En cuanto a la omisión del testimonio de Rafael María Bautista, sostiene el Procurador que si bien esa prueba no es referida de manera expresa en los fallos, desde cuando se calificó el sumario se tomó como una de aquellas que pretendía respaldar al procesado en la afirmación de que sí regresó con los Quiroga a la Taberna, “pero no como para acreditar que era ajeno a los disparos, sino para descartar la posibilidad de que él había seguido a Granados, relato que, al sopesarse las pruebas, no fue creído por las múltiples probanzas que mostraban lo contrario, es decir, que López, armado, sí siguió al occiso”. Eso significa, que tal omisión no tendría la fuerza suficiente para derruir el fallo porque los resultados a obtener serían compatibles con las conclusiones del sentenciador.
El censor pretendió, así, imponer criterios de valoración probatoria sobre medios que no están sometidos a tarifa legal, incurriendo de esa manera en un desacierto de técnica en la sustentación del recurso al terminar proponiendo falsos juicios de convicción.
El otro aparte de la demanda, en donde el censor ataca la prueba indiciaria nuevamente se aprecia una deficiencia de técnica al pretender la ruptura del fallo con una apreciación diversa a la del juzgador, ya que no precisa, como le correspondía, si ataca los hechos indicadores o la inferencia lógica.

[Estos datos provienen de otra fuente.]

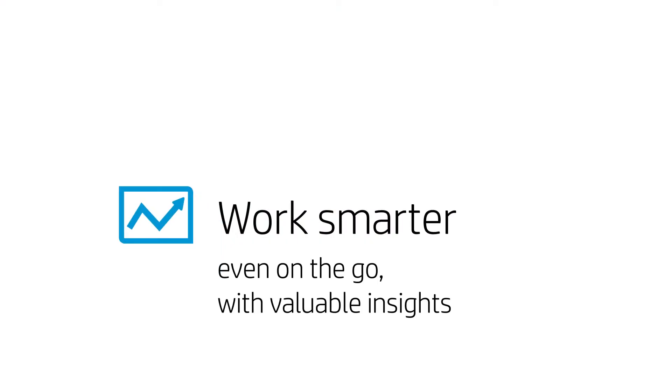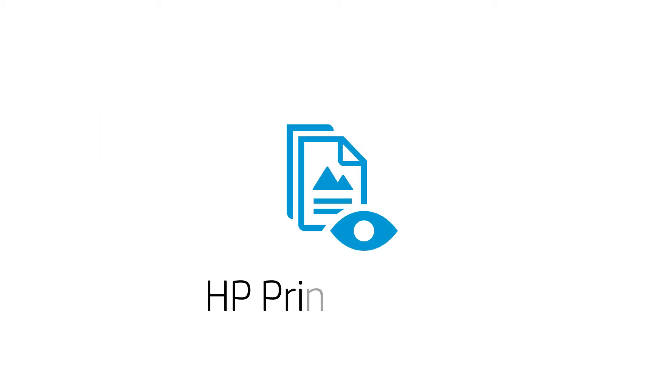With PrintOS Jobs, HappyPrint can now significantly improve production agility, even on the go. You can do that too! Start using PrintOS Jobs today and drive your operational excellence continuously.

Para el Delegado, el demandante malentendió el indicio de oportunidad para delinquir porque en su construcción el Tribunal no se apoyó en el hecho de que algún testigo hubiese visto disparar al procesado o que se encontraba en la esquina del lugar donde ocurrieron los hechos, por cuanto lo que se aprecia es que el juzgador se fundamentó en aquellos medios que dan cuenta de la presencia de aquél en la taberna, su persecución armado al occiso, los disparos escuchados por Rodríguez Vargas “y su regreso en medio de la agitación, el susto y las expresiones de que nada había pasado”, como se lee en el aparte que transcribe del fallo.
Respecto al indicio del móvil, puntualiza que no es cierto que el Tribunal lo consolide únicamente por la amistad, sino que se valió para ello, además, de la condición del procesado de ser agente activo de la Policía y al estado de alicoramiento en que se encontraba. Y en cuanto a las manifestaciones posteriores, tampoco se apoyó el ad quem solamente en unas “mal interpretadas palabras de LÓPEZ a su regreso, de que no había pasado nada”, puesto que además, tuvo en cuenta en esa inferencia, la desaparición del sujeto del lugar.
No se demostró, en últimas, ningún error que permitiera reconocer la duda a la que finalmente hace alusión, pues todo se reduce a un acomodado estudio de la valoración probatoria del Tribunal, siendo esta última la que debe prevalecer frente a las especulaciones del casacionista.
Solicita, por tanto, no casar el fallo impugnado.
CONSIDERACIONES:
1. Varios y sustanciales son los desaciertos de orden técnico en que incurre el demandante en la pretendida demostración de la única censura que postula contra el fallo de segundo grado, pues no obstante que en principio aduce la violación indirecta de la ley, refiriéndose a aquellas disposiciones atinentes a la descripción típica del delito de homicidio, más adelante cree complementar el ataque citando una serie de normas que, lejos de integrar una proposición jurídica completa, a pesar de que varias de ellas son de contenido sustancial, en su mayoría aparecen ajenas al alcance que se quiso dar al reproche casacional.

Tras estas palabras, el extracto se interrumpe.